* About this task: The range to repeat runs from the line with "Лилии махровые" to the last line below, both ends included; give it exactly and without pictures.

[[ Recorded data open ]]

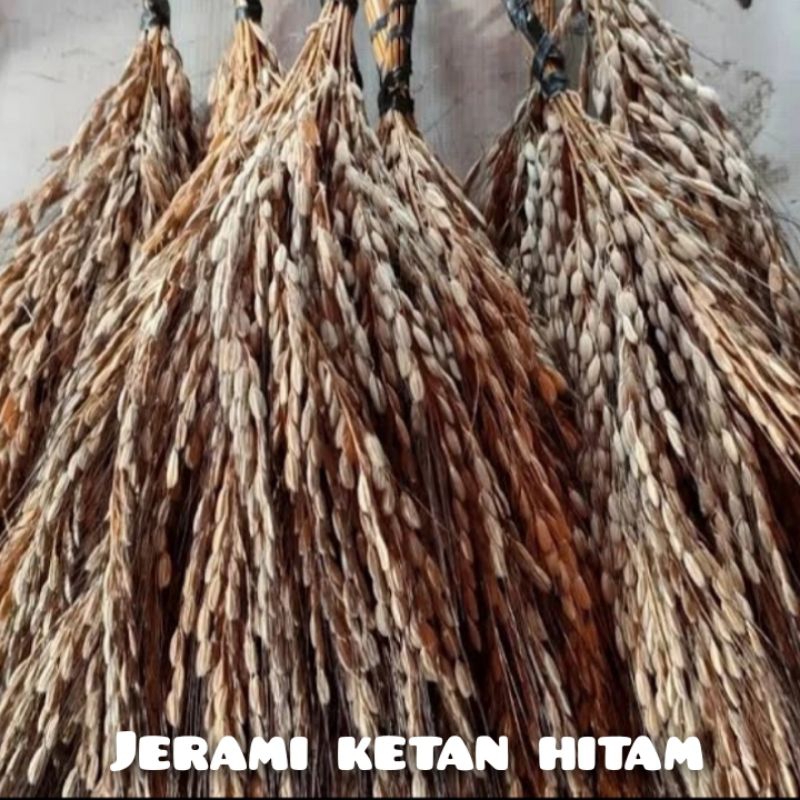 Padi Ketan Hitam Kering Gabah Jerami Ketan Hitam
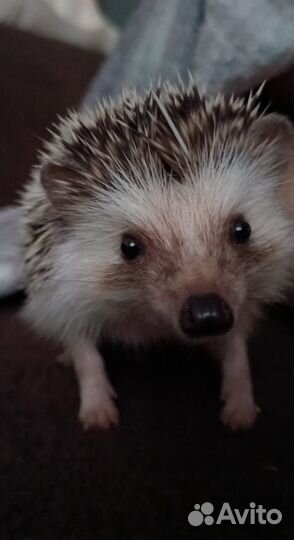 Африканский ежик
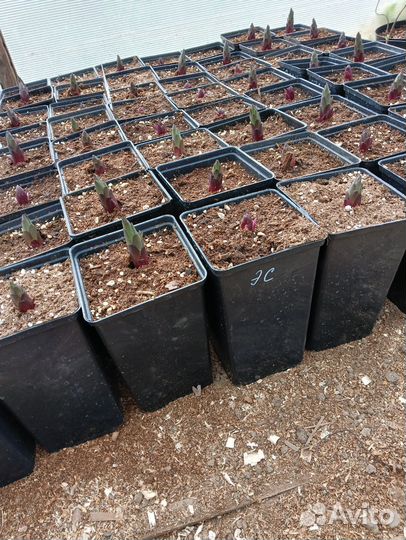 Лилии махровые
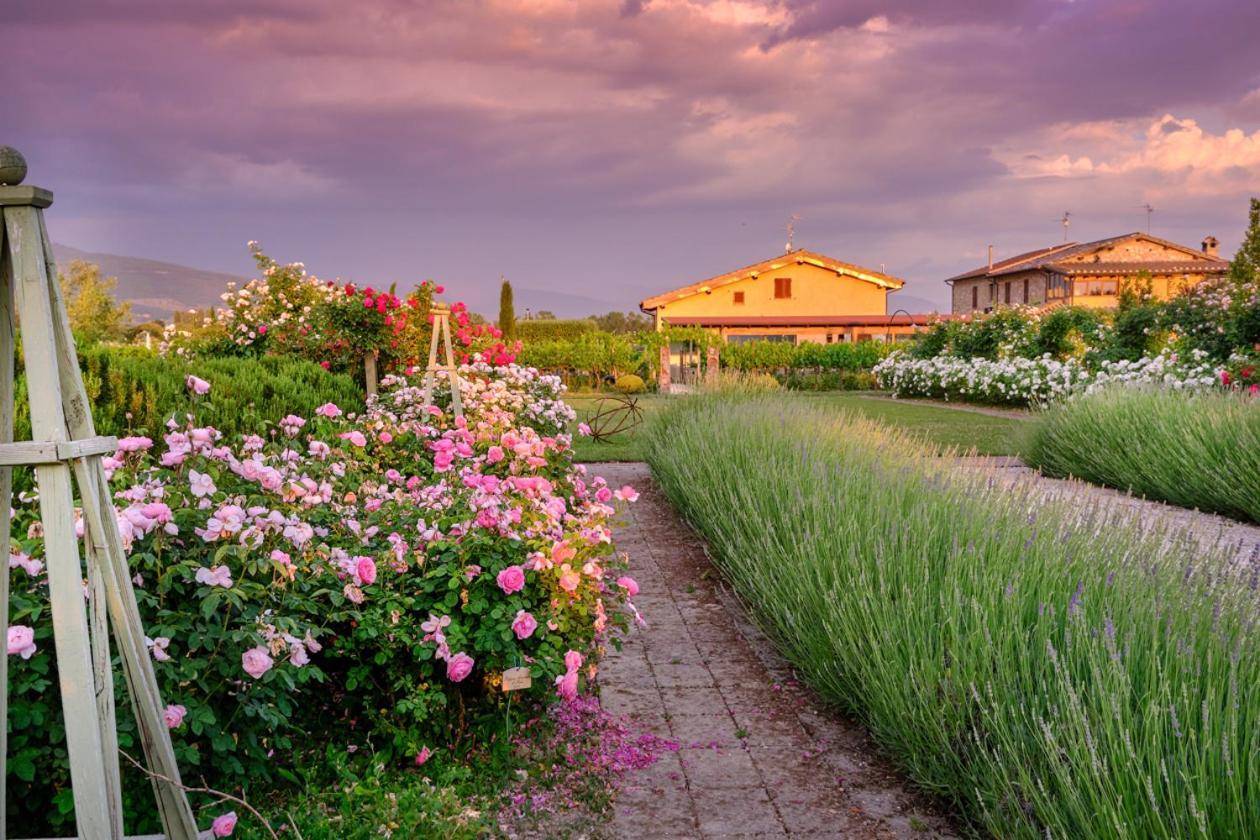 Villa Il Fienile Di Asís Exterior foto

[[ Recorded data closed ]]

* Exercise result:
 Лилии махровые
 Villa Il Fienile Di Asís Exterior foto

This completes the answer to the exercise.